Many West Australian beaches are ‘world famous’ for their sunsets. But there can’t be too many places in this wide country (4000 kms east to west) where you can see the sun rise and set from exactly the same spot.

Exmouth is a tourist mecca for many reasons. Its population of 3,500 can soar to 20,000 in high season.

About 15 kilometres north of the town centre, the Vlamingh Head lighthouse sits on a tiny 74 metre-high hillock. At sunset, cars are cheek by jowl all the way up and down its curly driveway, jostling for a space to see the sun go down.

Sunset crowd on Vlamingh Head

At dawn, as I silently slip EVie into place, there are just 3 cars, hoping for a cloudless horizon.

At 6:42, the sun peeps out of the strip of ocean, just visble beyond the east coast of the promontory. For a little time, it seems to glide up the horizon, coppery, like a harvest-moon. Then, in a flash, a glowing orb leaps out of the waters east of the pointy beachhead, floods the narrow wedge of land, sends a beam of light into the water across the headland, and dazzles everything in its wake. Sun rise at Ningaloo – priceless…

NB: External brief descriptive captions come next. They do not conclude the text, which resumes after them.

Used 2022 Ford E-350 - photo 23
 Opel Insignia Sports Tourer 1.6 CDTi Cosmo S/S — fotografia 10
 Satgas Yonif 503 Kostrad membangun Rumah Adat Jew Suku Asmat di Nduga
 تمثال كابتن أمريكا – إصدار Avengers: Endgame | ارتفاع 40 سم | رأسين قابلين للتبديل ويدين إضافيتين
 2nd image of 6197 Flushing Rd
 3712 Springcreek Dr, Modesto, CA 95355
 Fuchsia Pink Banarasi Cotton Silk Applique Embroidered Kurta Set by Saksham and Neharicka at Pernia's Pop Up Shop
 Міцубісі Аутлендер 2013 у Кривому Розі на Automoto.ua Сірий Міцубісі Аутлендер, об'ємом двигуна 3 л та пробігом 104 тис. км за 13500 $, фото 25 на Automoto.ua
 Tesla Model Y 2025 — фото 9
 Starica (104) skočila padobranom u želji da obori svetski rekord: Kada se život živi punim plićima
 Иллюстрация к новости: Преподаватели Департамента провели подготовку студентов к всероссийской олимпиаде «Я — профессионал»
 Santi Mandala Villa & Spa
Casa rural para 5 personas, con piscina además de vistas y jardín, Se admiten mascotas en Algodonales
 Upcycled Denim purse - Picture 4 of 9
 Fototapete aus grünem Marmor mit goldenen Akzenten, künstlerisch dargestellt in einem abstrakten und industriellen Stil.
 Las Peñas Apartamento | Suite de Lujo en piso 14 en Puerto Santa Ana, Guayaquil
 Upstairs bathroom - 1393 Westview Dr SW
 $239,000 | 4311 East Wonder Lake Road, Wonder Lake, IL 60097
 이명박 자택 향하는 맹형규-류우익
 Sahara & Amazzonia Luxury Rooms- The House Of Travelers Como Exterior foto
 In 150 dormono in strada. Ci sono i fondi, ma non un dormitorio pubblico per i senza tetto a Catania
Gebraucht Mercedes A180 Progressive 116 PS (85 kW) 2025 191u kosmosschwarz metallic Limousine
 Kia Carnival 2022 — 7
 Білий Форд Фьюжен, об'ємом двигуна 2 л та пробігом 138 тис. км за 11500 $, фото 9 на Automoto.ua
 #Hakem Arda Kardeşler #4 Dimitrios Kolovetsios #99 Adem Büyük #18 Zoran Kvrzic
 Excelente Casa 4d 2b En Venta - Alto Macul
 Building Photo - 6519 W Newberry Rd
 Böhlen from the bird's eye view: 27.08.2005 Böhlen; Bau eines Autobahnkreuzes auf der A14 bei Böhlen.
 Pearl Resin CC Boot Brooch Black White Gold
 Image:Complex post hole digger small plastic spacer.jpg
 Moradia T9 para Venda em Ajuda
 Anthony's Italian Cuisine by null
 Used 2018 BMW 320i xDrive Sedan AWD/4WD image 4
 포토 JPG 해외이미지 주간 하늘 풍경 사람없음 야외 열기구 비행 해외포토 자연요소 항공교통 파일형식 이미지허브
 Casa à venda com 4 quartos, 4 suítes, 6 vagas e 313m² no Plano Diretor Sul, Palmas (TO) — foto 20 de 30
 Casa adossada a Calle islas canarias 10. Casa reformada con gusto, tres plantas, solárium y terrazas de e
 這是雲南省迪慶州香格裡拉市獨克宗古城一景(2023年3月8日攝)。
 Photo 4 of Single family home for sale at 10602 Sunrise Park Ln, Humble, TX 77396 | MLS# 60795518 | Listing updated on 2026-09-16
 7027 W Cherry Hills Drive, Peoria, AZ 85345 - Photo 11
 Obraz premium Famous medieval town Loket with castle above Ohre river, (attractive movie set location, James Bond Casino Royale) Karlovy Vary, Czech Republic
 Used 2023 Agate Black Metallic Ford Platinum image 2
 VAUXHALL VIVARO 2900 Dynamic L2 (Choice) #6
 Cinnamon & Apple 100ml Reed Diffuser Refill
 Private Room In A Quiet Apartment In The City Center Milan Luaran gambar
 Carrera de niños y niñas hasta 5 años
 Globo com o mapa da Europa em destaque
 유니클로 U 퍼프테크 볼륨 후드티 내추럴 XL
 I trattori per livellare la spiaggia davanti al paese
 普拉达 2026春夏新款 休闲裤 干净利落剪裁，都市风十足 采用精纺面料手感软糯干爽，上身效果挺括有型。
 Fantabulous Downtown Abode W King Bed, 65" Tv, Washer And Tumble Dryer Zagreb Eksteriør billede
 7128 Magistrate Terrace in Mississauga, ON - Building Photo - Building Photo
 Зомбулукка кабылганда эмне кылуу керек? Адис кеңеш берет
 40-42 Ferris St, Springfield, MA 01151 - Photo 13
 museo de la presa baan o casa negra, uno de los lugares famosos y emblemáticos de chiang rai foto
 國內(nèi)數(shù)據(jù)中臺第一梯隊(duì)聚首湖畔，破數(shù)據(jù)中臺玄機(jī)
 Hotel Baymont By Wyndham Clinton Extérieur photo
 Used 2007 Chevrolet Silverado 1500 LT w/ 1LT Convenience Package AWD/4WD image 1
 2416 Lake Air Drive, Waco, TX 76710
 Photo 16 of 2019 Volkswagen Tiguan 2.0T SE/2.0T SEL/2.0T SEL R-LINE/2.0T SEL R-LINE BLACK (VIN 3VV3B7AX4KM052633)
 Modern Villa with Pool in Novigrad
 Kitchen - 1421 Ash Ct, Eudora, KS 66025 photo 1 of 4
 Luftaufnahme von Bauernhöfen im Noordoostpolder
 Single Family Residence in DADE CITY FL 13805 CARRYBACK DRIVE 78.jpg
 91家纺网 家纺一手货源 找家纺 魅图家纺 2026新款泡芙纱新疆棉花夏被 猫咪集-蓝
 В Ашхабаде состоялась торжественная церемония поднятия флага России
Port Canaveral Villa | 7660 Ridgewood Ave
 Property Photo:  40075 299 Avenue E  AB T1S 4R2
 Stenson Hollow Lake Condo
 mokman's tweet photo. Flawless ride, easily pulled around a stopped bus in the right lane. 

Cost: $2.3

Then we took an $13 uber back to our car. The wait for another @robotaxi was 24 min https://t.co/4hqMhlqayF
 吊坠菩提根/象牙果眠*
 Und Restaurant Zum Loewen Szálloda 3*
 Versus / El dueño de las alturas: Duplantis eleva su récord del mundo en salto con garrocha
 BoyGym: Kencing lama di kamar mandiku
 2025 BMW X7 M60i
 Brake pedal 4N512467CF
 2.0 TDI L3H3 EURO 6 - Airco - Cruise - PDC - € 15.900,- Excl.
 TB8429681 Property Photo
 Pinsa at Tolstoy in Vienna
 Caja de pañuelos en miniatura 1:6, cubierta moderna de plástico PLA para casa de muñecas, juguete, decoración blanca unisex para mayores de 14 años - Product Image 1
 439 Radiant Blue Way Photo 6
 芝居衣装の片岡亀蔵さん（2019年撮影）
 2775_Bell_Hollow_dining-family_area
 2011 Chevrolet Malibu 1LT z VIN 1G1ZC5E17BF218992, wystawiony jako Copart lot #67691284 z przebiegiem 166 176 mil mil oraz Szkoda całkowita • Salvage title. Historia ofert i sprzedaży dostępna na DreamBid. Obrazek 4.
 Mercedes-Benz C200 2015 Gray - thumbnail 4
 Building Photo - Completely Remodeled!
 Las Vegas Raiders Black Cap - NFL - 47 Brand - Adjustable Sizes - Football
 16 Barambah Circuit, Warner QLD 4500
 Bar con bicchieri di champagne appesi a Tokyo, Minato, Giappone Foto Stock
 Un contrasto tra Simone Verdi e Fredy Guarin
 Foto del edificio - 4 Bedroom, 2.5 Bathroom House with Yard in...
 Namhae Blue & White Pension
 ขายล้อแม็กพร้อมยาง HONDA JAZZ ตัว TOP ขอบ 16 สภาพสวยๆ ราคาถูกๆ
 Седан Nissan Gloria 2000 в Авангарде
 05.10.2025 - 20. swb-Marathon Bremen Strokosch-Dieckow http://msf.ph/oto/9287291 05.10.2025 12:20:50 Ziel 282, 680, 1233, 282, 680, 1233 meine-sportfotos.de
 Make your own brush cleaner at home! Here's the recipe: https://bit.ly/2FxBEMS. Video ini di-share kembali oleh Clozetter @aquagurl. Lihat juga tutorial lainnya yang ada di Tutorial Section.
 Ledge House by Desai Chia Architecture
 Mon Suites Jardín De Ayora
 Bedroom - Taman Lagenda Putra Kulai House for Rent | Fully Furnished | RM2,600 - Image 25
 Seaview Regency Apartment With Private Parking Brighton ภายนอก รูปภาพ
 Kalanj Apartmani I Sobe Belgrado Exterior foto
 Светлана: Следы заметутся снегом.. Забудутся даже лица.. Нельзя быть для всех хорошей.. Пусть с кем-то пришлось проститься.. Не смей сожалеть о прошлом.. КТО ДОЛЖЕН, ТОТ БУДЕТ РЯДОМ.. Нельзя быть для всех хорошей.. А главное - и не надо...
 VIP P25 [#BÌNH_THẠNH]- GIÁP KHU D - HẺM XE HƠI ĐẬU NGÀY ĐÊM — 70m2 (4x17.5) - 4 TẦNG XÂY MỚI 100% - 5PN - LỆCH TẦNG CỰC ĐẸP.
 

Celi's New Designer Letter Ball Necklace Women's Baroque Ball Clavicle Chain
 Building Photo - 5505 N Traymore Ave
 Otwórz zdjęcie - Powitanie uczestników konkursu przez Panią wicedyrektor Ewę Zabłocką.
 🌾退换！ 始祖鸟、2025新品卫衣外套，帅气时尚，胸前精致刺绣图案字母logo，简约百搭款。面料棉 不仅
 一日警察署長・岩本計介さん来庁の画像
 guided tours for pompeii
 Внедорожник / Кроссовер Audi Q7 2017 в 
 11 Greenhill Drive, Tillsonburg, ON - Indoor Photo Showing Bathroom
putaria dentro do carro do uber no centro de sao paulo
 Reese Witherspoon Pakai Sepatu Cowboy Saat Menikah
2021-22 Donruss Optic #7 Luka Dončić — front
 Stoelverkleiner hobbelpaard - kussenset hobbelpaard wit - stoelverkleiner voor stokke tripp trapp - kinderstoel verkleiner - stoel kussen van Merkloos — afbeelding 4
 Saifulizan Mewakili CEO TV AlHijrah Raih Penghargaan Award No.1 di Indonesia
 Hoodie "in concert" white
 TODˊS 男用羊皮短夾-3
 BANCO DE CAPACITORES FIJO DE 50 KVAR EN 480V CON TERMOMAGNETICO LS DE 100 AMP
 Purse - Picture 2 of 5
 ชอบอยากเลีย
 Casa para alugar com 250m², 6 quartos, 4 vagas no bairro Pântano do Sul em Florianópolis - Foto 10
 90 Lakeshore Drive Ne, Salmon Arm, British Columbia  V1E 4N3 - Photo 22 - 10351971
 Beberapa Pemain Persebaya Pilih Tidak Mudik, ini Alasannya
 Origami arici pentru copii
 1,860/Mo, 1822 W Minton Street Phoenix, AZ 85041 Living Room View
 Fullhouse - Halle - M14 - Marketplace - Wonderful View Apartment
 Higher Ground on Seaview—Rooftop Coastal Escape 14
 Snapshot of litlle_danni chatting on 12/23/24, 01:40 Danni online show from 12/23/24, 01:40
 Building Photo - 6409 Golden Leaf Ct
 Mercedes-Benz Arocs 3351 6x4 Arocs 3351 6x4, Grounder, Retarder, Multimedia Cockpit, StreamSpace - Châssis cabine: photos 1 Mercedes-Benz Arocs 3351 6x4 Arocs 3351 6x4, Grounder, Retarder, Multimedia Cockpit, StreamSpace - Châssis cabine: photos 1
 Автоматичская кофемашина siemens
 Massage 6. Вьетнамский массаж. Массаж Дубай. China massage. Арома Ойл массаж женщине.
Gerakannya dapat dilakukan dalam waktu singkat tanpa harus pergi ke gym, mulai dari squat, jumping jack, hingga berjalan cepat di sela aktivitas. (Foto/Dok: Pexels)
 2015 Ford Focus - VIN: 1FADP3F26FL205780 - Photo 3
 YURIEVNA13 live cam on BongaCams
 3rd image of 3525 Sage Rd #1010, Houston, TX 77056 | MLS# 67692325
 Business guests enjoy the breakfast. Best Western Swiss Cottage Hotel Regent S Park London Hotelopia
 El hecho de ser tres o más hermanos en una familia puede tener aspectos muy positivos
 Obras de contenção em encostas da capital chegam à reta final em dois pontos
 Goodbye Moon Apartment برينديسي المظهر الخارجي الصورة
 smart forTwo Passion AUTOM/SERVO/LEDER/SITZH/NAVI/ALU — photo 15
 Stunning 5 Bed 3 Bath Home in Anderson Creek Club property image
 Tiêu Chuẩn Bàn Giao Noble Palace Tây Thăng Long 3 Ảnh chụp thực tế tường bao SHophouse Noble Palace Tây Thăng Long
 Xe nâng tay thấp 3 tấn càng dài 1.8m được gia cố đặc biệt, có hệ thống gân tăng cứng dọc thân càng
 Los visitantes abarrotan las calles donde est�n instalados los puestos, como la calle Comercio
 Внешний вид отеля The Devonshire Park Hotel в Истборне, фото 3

Looking back at the lighthouse at dawn

The drive from Karijini to Exmouth went precisely to plan, with three dependable chargers on the way: Tom Price (25 kw), Pardoo (50 kw) and Nanutarra (150 kw). There is a more direct route from Tom Price to Nanutarra, but with a long unsealed stretch, it is a lot slower.

The little town of Exmouth has everything you need to explore Cape Range National Park, including a bank of four fast chargers, convieniently located in the car park at the tourist information centre.

After sunrise, you can slide quietly back down from the lighthouse towards the beach and follow the turn of the only road, heading south, along the line of the Ningaloo reef, into the Cape Range National Park. This is the northernmost section of the Ningaloo World Heritage area.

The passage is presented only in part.